Some friends asked me to come over and take photographs of a naming ceremony for their two grandchildren. I love doing photo assignments like that, it is a creative challenge – have to figure out the light and the lenses – but it is also a wonderful affirmation of photography. Assignments like that take you out of yourself and your normal comfort zone, they are a wonderful use of photography. They are affirmations of life, the big stories that will never make their news, but which bring light and love and meaning to our news. Once, journalists knew that, now they think stories only happen in the offices of Washington bureaucrats and in bloody and violent conflicts.
The setting was simple, they were planting two trees on a hillside, one for each daughter, and a minister read from some beautiful Celtic poems.
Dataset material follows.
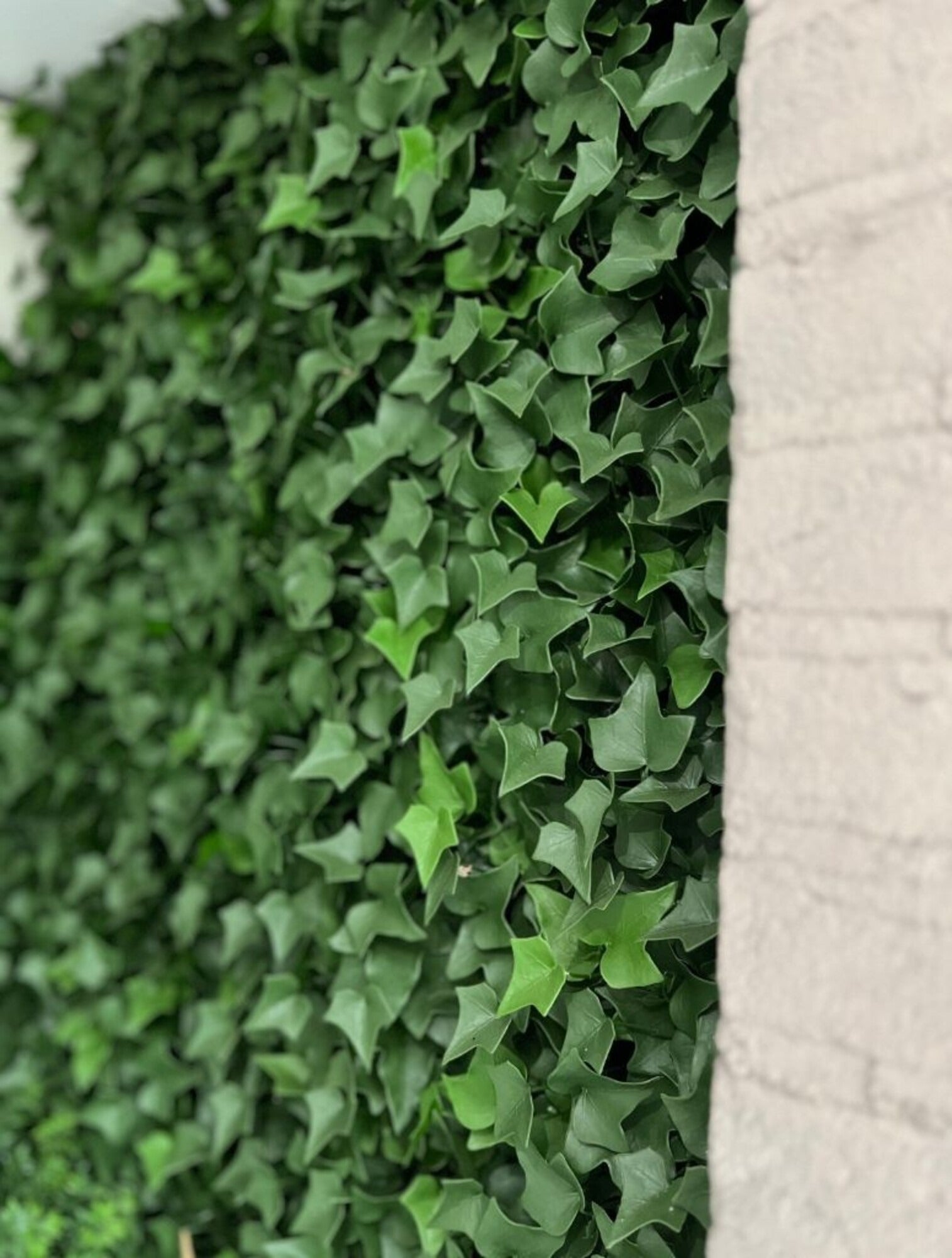 Kunst buiten klimopmat 25x25 cm UV beschermd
There is pressure in an assignment like this – you don’t want to disappoint, you won’t get a second chance. The lighting was bad, the line of sight clouded with trees and cars. And it is a nice gift for friends who have done a lot for me. They also remind me of something else. There is a skill to photography, all photographs are not the same, if you are open to feeling, you can capture the feeling in front of you. I conducted a naming ceremony once, long ago, for two children that were lost to me, and I did try and picture them there, just for a moment, but it was not about me, it was about someone else’s children, and it lifted my heart to see this one, so full of life and connection.